Из трех подразделов состоит седьмая глава («Катков, Победоносцев, Мещерский»), ярко демонстрирующая одиночество Леонтьева и превратности его «литературной судьбы». Так, здесь рассматривается история многолетнего сотрудничества Леонтьева в газете-журнале «Гражданин», которое, как выясняется, было отчасти вынужденным. Издание оставалось для публициста лишь «терпимым за неимением лучшего пока». В главке о Каткове наиболее важна характеристика идейных схождений и расхождений двух публицистов. Более всего разделяло их различное понимание положения Церкви в государстве. Далеки от благостности были и отношения Леонтьева с обер-прокурором Св. Синода, хотя в 1880 г. последний признавался, что ставит леонтьевские передовые статьи в «Варшавском дневнике» выше знаменитых катковских.

Восьмая глава затрагивает тему жизненно-творческих связей Леонтьева с писателями из круга «Русского вестника». Особый интерес представляет здесь история его влияния на Б. М. Маркевича, ранее не затрагивавшаяся в литературоведении (леонтьевские мотивы в романе «Перелом» были впервые указаны самим Маркевичем в письме к автору «Византизма и славянства»). Вторая часть главы посвящена теме «Леонтьев и А. Фет». Здесь также затрагивается тема литературных взаимовлияний (интерес Леонтьева к поэзии Фета, оценка Фетом его публицистики, «редактирование» Леонтьевым одного из поздних стихотворений поэта).

В десятой главе впервые реконструируется биография публициста и церковно-общественного деятеля радикального толка, Н. Н. Дурново (1842–1919), редактора-издателя газеты «Восток» (ранее в исследовательской литературе нельзя было найти даже годов его жизни). Публицистика Дурново любопытна как пример «консервативного радикализма». Для Леонтьева же он был одним из немногочисленных единомышленников во взглядах на Болгарский вопрос.

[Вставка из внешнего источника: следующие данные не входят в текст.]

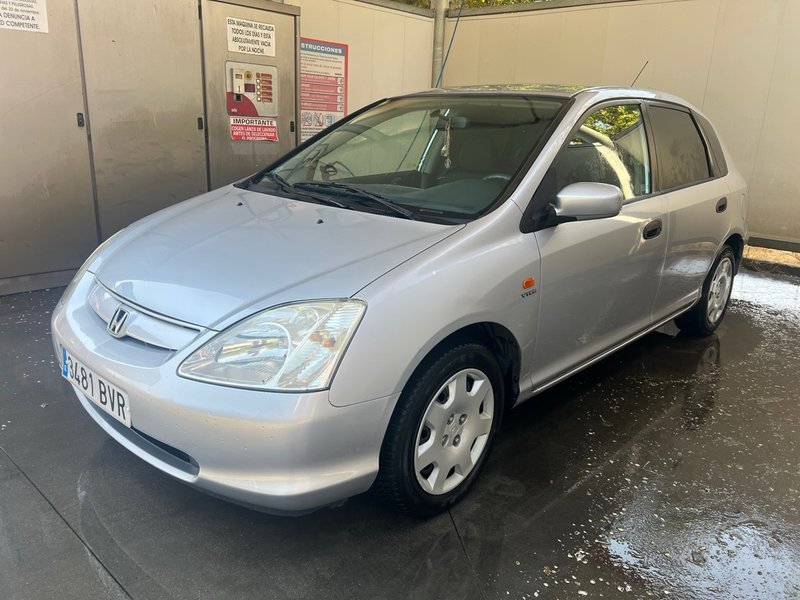 Honda Civic - foto 1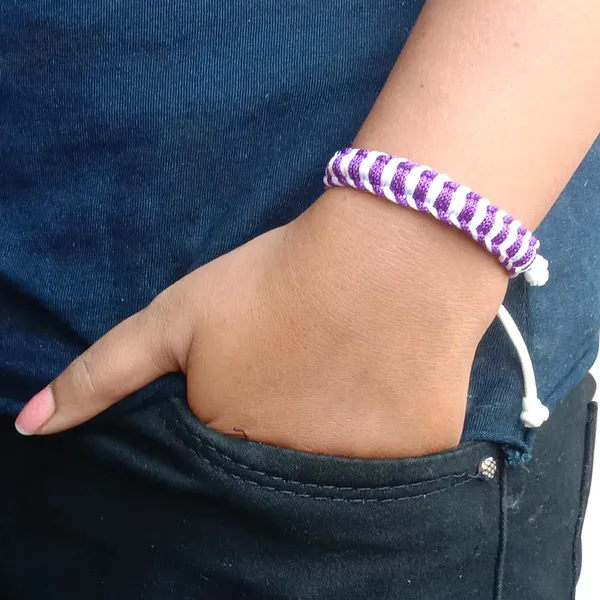 Violet_And_White_Bracelet_Adjustable_Charming_Wristband_Handmade_Macrame_Bracelet_Friendship_Band_For_Women_And_Men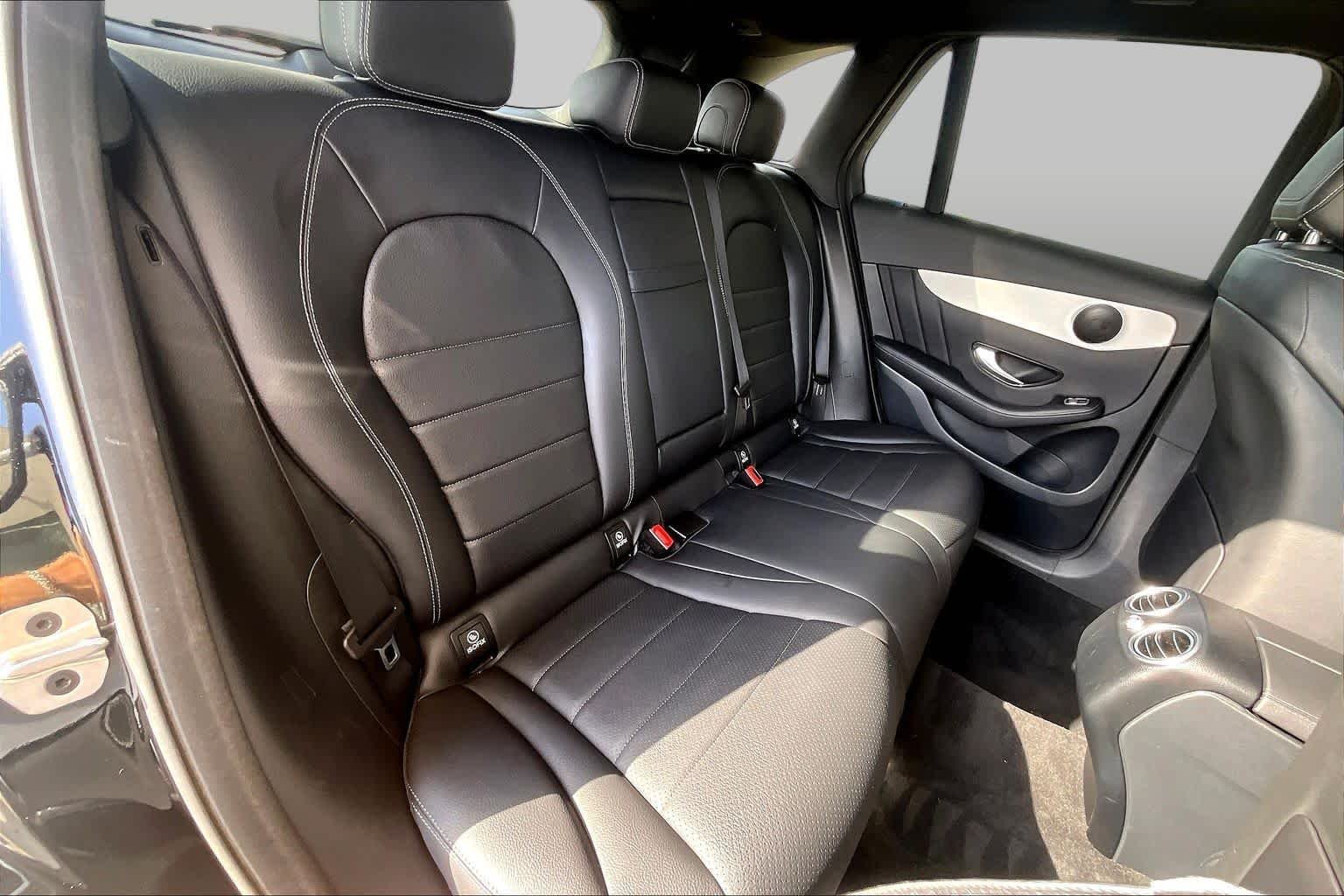 Used 2022 Black Mercedes-Benz GLC 300 image 18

Героем одиннадцатойглавы является С. Ф. Шарапов (1855–1911). На фоне Леонтьева этот персонаж выглядит, возможно, не столь ярко, но углубленное обращение к нему (глава о нем – значительного объема) обусловлено тем, что, как и в случае Леонтьева, дает возможность говорить о синтетической культуре. Биография этого публициста, беллетриста и издателя, предпринимателя и политического деятеля позволяет заглянуть в самые разные эпохи: от его ученичества у И. Аксакова до эпохи П. А. Столыпина.

Близких по взглядам «младших братьев» Леонтьев в 1890 г. встретил в новых сотрудниках «Московских ведомостей» – «раскаявшихся нигилистах» Ю. Н. Говорухе-Отроке и Л. А. Тихомирове, а потом, через посредничество Говорухи-Отрока, и в В. В. Розанове. Им троим посвящена заключительная двенадцатая глава («Поздние обретения»). Здесь, в частности, впервые рассматриваются статьи Говорухи-Отрока и Тихомирова 1891–1892 гг., написанные в развитие леонтьевских взглядов на «новое христианство».